The specific implementation process of accurate clean speech building method of the present invention is as follows:
1, determine speech frame and the non-speech frame of distorted speech, Figure of description Fig. 2 shows the processing procedure determining speech frame and non-speech frame.First voice segments rough estimate is carried out to distorted speech, be implemented as follows: windowing framing is carried out to distorted speech, calculate short-time energy and the zero-crossing rate of framing; Setting voice segments short-time energy and zero-crossing rate threshold value, utilize start frame and the end frame of short-time energy and zero-crossing rate temporal signatures determination distorted speech voice segments.Then adopt sohn algorithm carefully to estimate upper speech segment, non-speech portion between the words determining voice segments, non-speech portion between ground unrest section and words is labeled as non-speech frame, and the phonological component of voice segments is labeled as speech frame.
2, noise tracking is carried out to distorted speech.The noise that Figure of description Fig. 3 shows distorted speech follows the tracks of estimation procedure.First Fourier transform is carried out to the distorted speech short time frame of step 1, calculate the power spectrum of every frame.Noise is followed the tracks of and is adopted the minimum value improved to control to pass average algorithm, carries out respectively estimating and upgrades, improve accuracy and the execution efficiency of algorithm to the non-speech frame of distorted speech and speech frame.Wherein, non-speech frame is considered to noise frame, and the noise spectrum estimation value of non-speech frame is the short-time rating spectrum of non-speech frame; Carrying out speech frame noise when estimating, there is probability and is compared by the smooth power spectrum of speech frame and the ratio of its local minimum and new frequency dependence threshold value and obtained in speech frame band speech; Then there is probability and upgrade time-frequency according to smoothly enlarge and to be correlated with smoothing factor in smoothing speech; Above-mentioned time-frequency smoothing factor of being correlated with is used to upgrade the noise spectrum estimation value of phonological component; Finally form distorted speech noise spectrum estimation value by the noise spectrum estimation value of non-voice and voice two parts.
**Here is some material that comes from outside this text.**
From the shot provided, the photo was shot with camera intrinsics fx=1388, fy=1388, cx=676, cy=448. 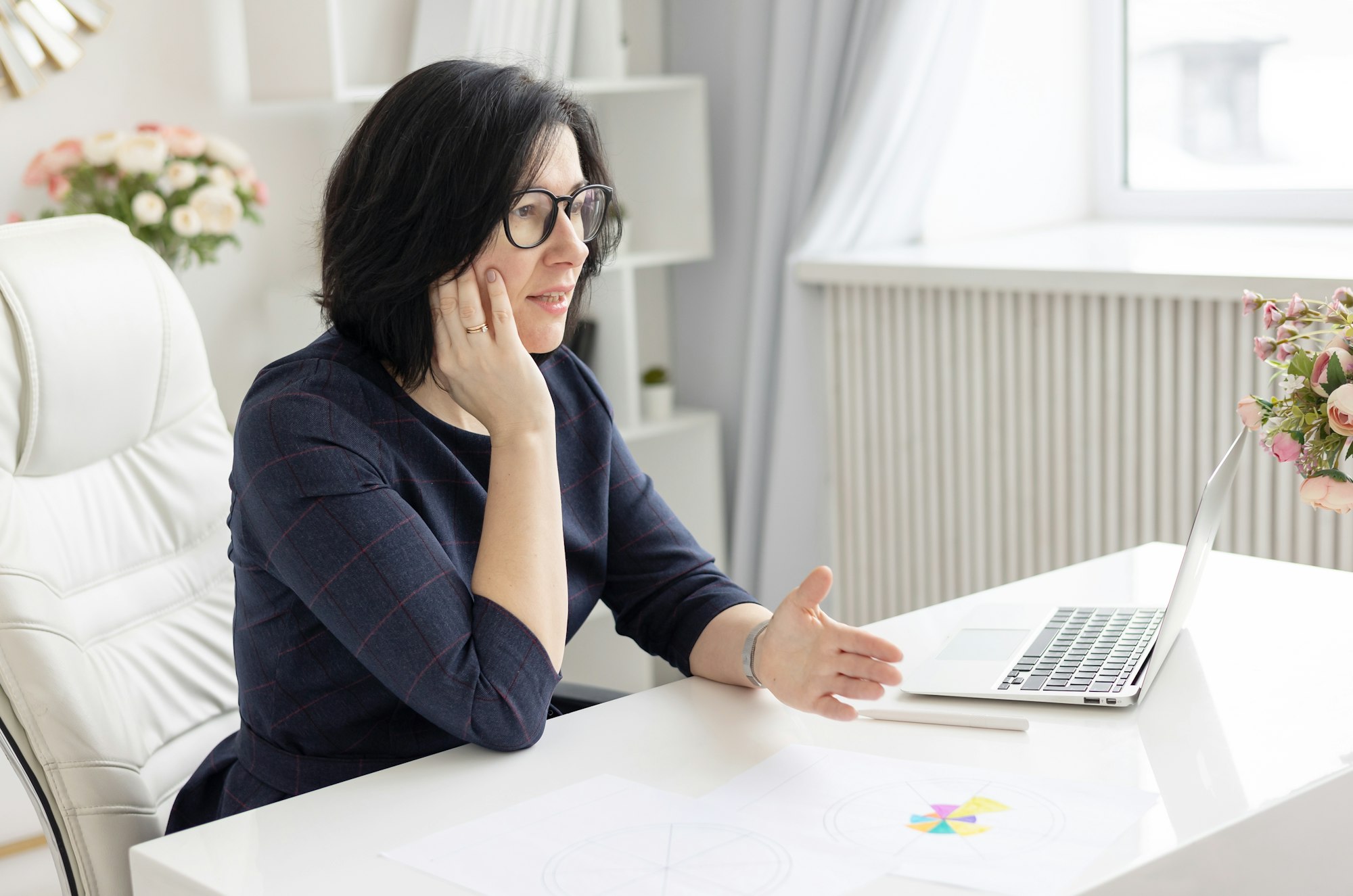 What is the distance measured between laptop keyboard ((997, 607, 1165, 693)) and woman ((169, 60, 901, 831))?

3, accurate clean speech is obtained.Power spectrum and the step 2 of being made an uproar by the band of distorted speech obtains distorted speech noise estimated power spectrum and carries out multiband spectral substraction, obtains accurate clean speech power spectrum.Aim at clean speech power spectrum and carry out Fourier inversion, obtain accurate clean speech time-domain signal.
4, distorted speech evaluating objective quality; PESQ algorithm is by the distortion between sensor model calculated distortion voice and accurate clean speech, and distortion is finally mapped as distorted speech objective quality score by cognitive model.
Principle of the present invention: the present invention adopts a kind of minimum value of improvement control recurrence average algorithm and multi-band spectrum-subtraction to obtain the accurate clean speech of distorted speech, using this accurate clean speech and the distorted speech input voice as PESQ algorithm, obtain the objective evaluation score value of distorted speech.
The present invention has following advantage and effect relative to prior art:
1, by the accurate clean speech of structure distorted speech, PESQ algorithm can be applied to do not input the objective evaluation application scenarios of voice.Compared with other reference source-free method for objectively evaluating, the present invention obtains the higher subjective evaluation degree of correlation.
2, relative to the reference source-free method for objectively evaluating of the Corpus--based Method model of main flow, the present invention does not need a large amount of clean language material training statistical models, makes evaluation algorithms be applicable to the reference source-free objective evaluation application of clean language material shortage.
3, accurate clean speech building method can distinguish non-speech segment and the voice segments of distorted speech, more accurate to the noise power Power estimation of distorted speech, eliminate the noise section of distorted speech largely, improve the accuracy of distorted speech objective quality score.
Accompanying drawing explanation
Fig. 1 is the accurate clean speech building method procedure chart for speech quality objective assessment.
Fig. 2 is the mark process procedure chart of speech frame and non-speech frame.
Fig. 3 is that the noise of distorted speech follows the tracks of estimation procedure figure.
Embodiment
Below in conjunction with embodiment and accompanying drawing, the present invention is described in further detail, but embodiments of the present invention are not limited thereto.
Embodiment
For an accurate clean speech building method for speech quality objective assessment, comprise the steps:
1, framing windowing (frame length 30ms, frame moves 15ms, adds Hamming window) is carried out to distorted speech, calculate short-time energy and the zero-crossing rate of each frame respectively; Then the average energy of calculated distortion voice, energy Upper threshold, energy Lower Threshold, average Zero-crossing Number, Zero-crossing Number thresholding.Energy is visited the average energy being limited to 0.05 times; Energy Xiamen is limited to the energy Upper threshold of 0.25 times; Zero-crossing Number thresholding is the average Zero-crossing Number of 0.3 times.
2, the start frame based on the double threshold method determination distorted speech voice segments of energy and zero-crossing rate and end frame is adopted; Using the input data of the above-mentioned distorted speech section determined as sohn voice activity detection algorithms, non-speech portion between the words determining distorted speech section.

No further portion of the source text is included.